Mais la rencontre artistique la plus tragiquement décisive sera bien évidemment celle avec Paul Gauguin. David Haziot en fera une véritable analyse chirurgicale passionnante et sidérante à la fois. La relation est si complexe que là aussi je ne pourrais la résumer ici. On dira simplement que Vincent vouait une admiration sans bornes, frisant la fixation, pour Gauguin, se plaçant volontairement dans une position d'infériorité, voire s'autoflagellant. Gauguin se montrera dur, froid, insensible et surtout extrêmement dédaigneux de l'art de Vincent. En lisant on comprend mal comment Vincent a pu persister dans une relation qui dès le départ était déséquilibrée et toxique, mais encore une fois sa fragilité mentale et son gigantesque manque de confiance en lui expliquent beaucoup. le mois qu'il passeront ensemble à Arles aura des conséquences psychologiques dramatiques sur Vincent. Ce sera en quelque sorte le point de rupture d'une fragilité mentale déjà prépondérante.
La crise qui s'en suivra l'amènera à se faire interner pendant plus d'un mois… Après cela Théo voudra le rapprocher de lui et lui trouvera un joli village proche de Paris du nom d'Auvers-sur-oise…

David Haziot livre ici une biographie que j'ai trouvé excellente et passionnante, mais aussi singulière. Avant de lire j'ai vu que David Haziot était d'abord philosophe de formation, ce qui explique beaucoup de la forte acuité à la fois psychologique et philosophie du livre. Au début j'en ai été un peu déboussolée puis peu à peu j'ai compris que c'était effectivement nécéssaire pour comprendre une personnalité telle que Vincent. Et aussi pour donner une idée, au plus proche du réel possible, de sa maladie mentale. D'ailleurs celle-ci a durant longtemps, nous apprend l'auteur, été l'objet d'études et d'analyse par d'éminents psychiatres ou spécialistes, mais que sans la présence du patient le diagnostic est nécessairement imprécis... Vincent souffrait, il est certain, de dépressions, de crises, de névroses, et selon l'auteur fortement accentués par l'état de tension physique et psychologique dans lequel il se trouvait la plupart du temps (de part l'exigence de son art et la rudesse de son mode de vie).

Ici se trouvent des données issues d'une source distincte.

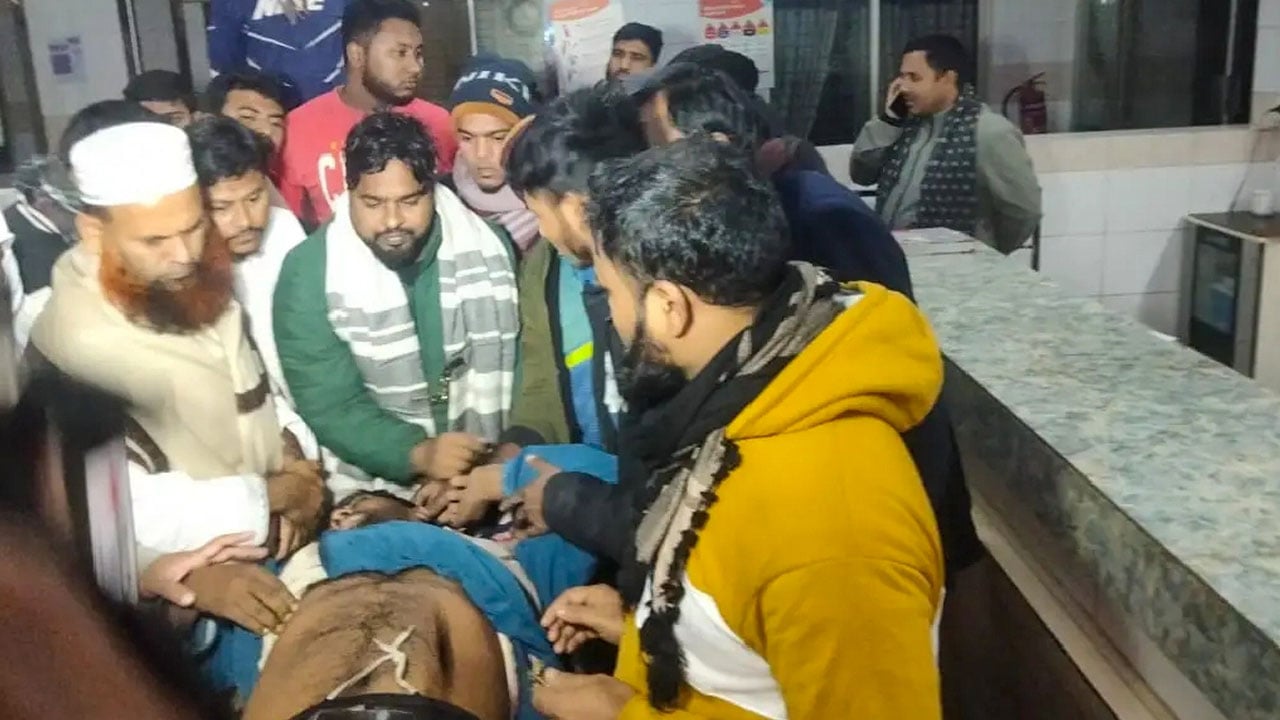 রাতের আঁধারে জামায়াত প্রার্থীর গাড়িবহরে হামলা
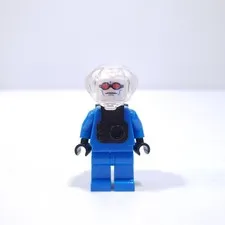 Lego 2008 Batman Mr. Freeze Blue Outfit Minifigure Great Condition (bat011i)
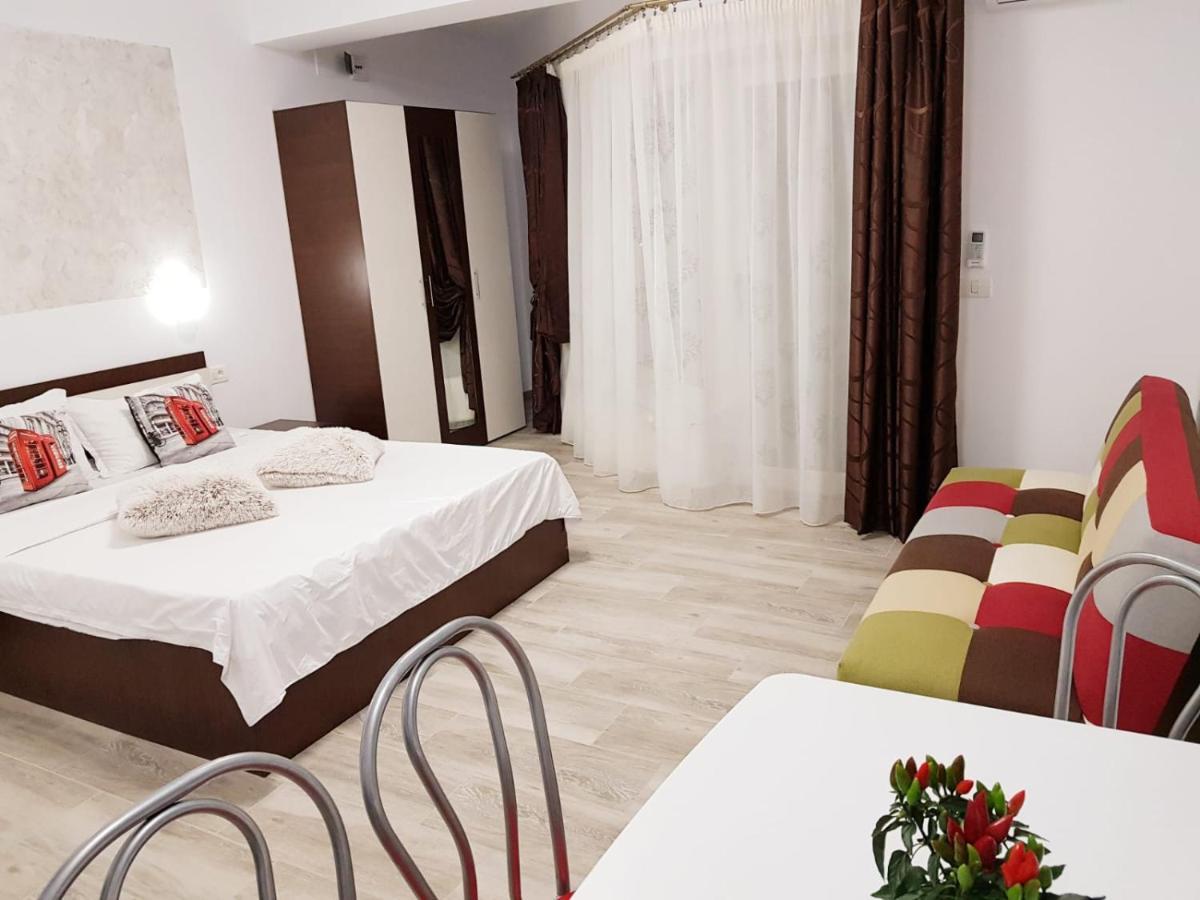 Studio Muncel Constanta Luaran gambar
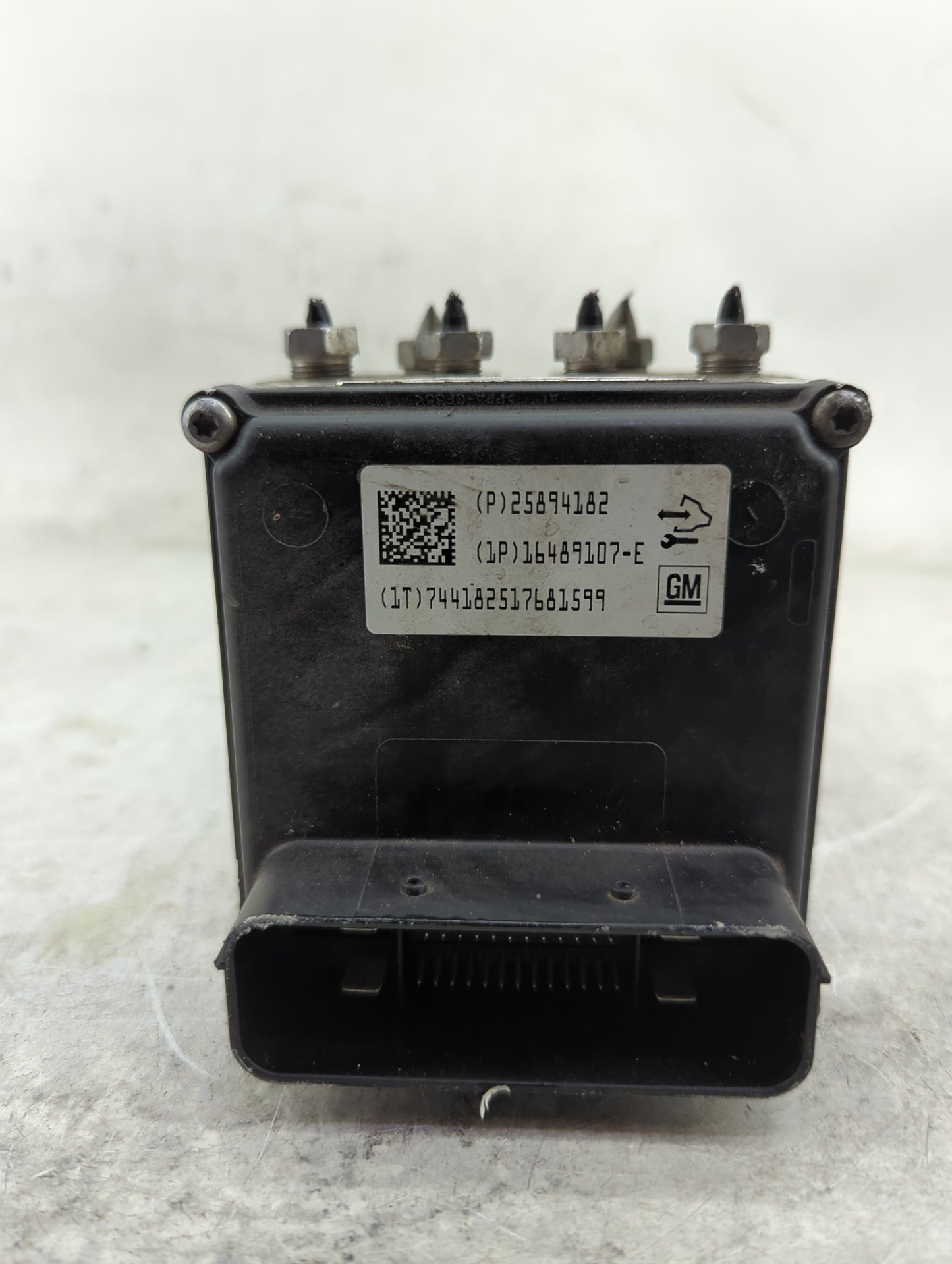 2008-2011 Chevrolet Impala ABS Pump Control Module Replacement P/N:25894182 Fits Fits 2008 2009 2010 2011 OEM Used Auto Part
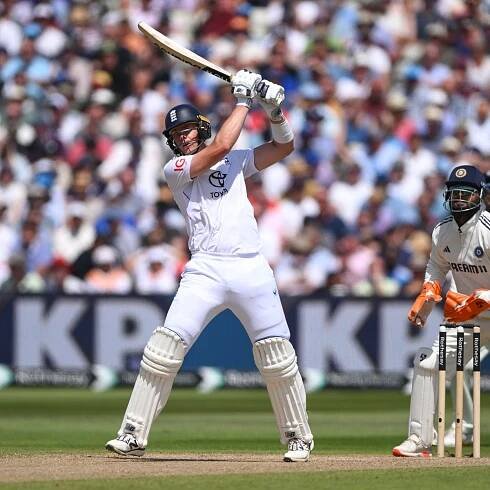 Jamie Smith dazzles in the face of danger to prove sky-high potential — but England left staring down the barrel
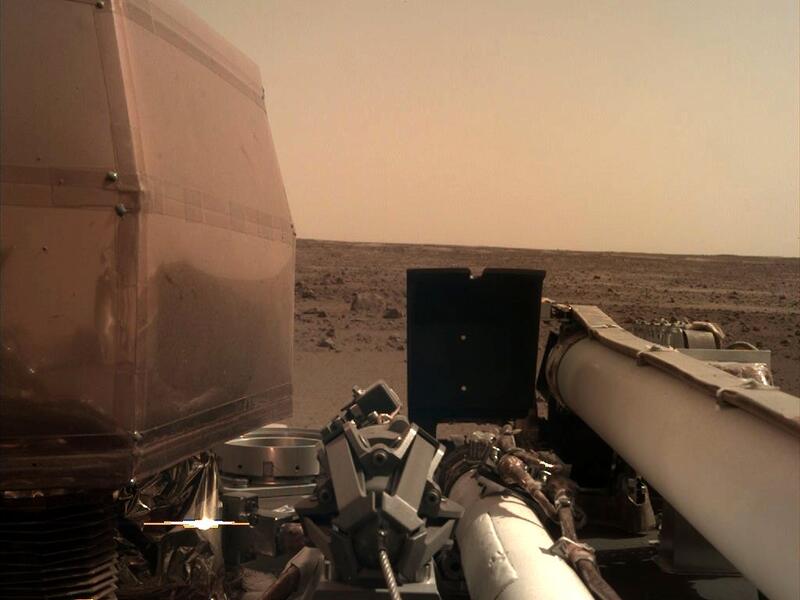 First photo taken by spacecraft InSight. (Twitter/@NASA)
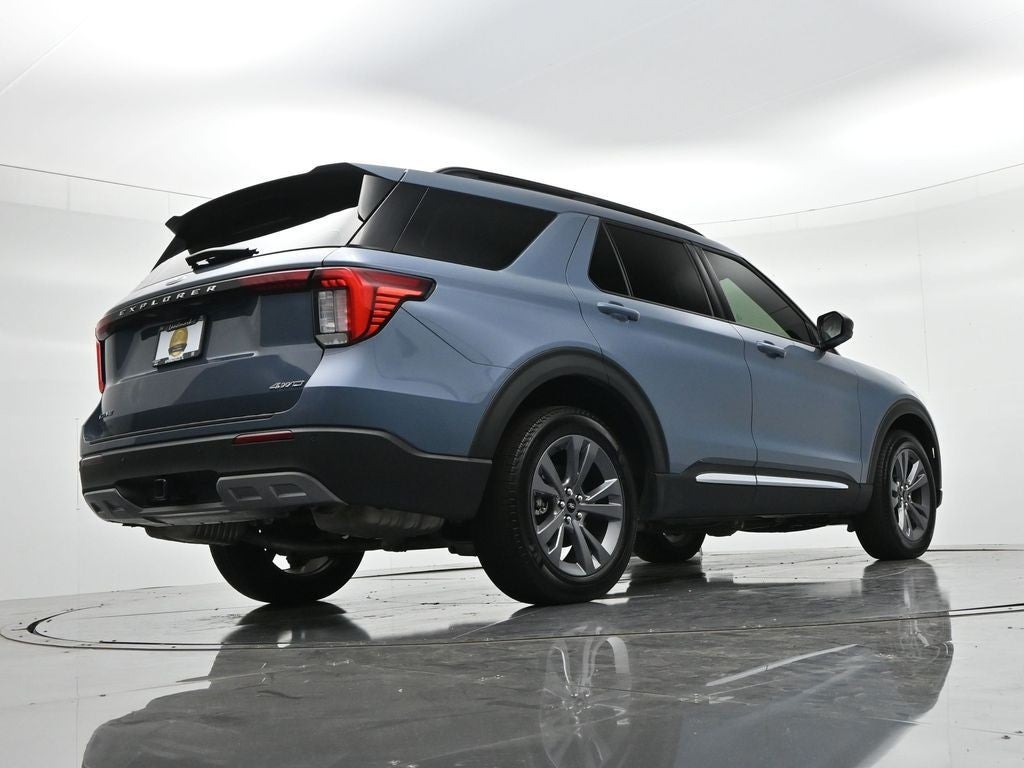2025 Ford Explorer Active 4WD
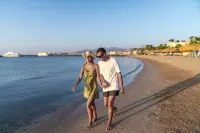 七海飯店朱莉灣 - 超級全包 Coral Island附近的飯店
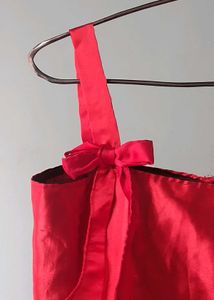 Chic Red Peplum Top ❤️‍🔥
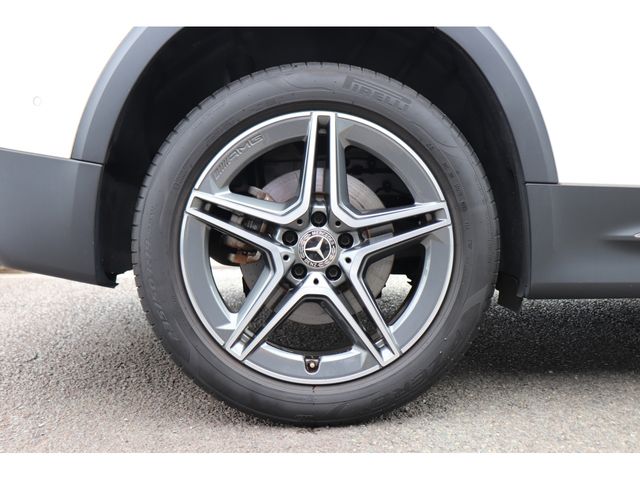 MERCEDES BENZ MERCEDES BENZ GLB 2023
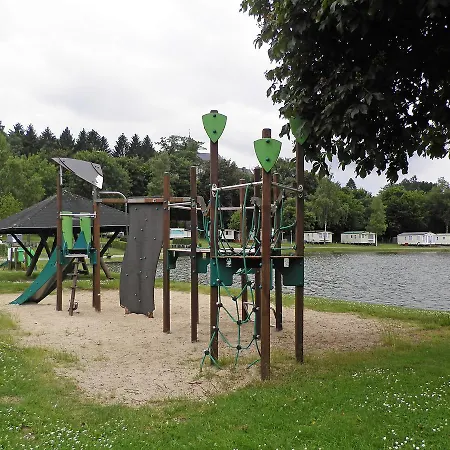 Holiday Camping Le Val De L'aisne-4 Nyaraló Érezée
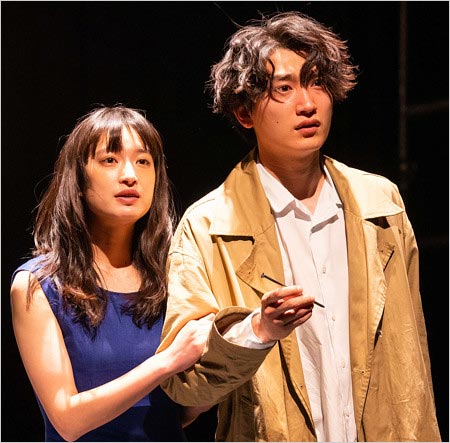 門脇麦&金子大地が舞台『パンドラの瞳』共演時の画像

À côté de l'analyse psychologique, l'auteur nous livre aussi une analyse picturale des oeuvres de Vincent, car c'est là aussi une facette capitale de la compréhension de sa personne.

Mais s'il faut retenir quelque chose de Vincent c'est qu'il avait de la joie. Qu'il aimait les couleurs vives (surtout le jaune), il aimait le grand air, il avait une grande volonté de vie. C'était un être qui luttait en permanence avec sa maladie et qui avait énormément de courage de le faire. le courage de tenir bon, le courage de trouver comment aller mieux, le courage de « travailler » comme il le disait de sa peinture. Un homme qui s'est battu pour essayer de vivre de sa passion, de vivre tout court. Vincent est exactement comme une palette de peinture: de toutes les couleurs et de toutes les nuances. Coloré.